▸ Supplied material
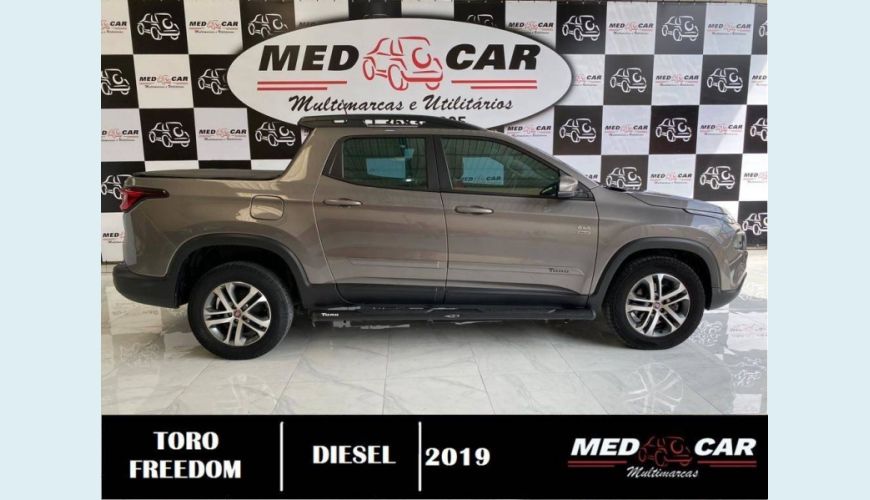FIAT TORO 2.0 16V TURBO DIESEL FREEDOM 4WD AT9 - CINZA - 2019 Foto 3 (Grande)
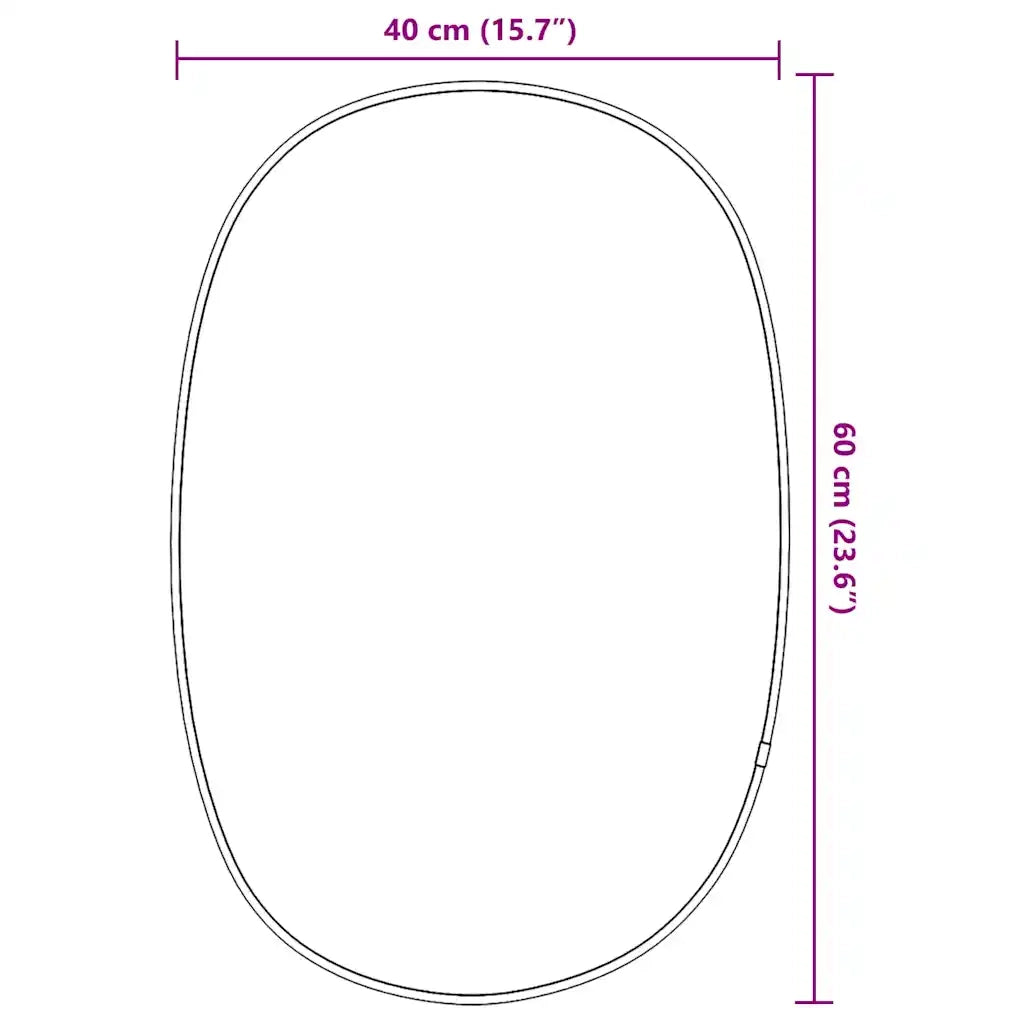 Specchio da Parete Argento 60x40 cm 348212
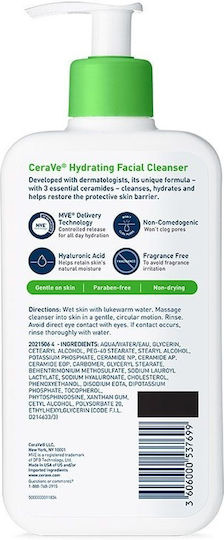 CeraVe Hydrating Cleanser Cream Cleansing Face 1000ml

▸ Assignment
Exclude all images and return the listing word for word.

▸ Answer below
FIAT TORO 2.0 16V TURBO DIESEL FREEDOM 4WD AT9 - CINZA - 2019 Foto 3 (Grande)
 Specchio da Parete Argento 60x40 cm 348212
 CeraVe Hydrating Cleanser Cream Cleansing Face 1000ml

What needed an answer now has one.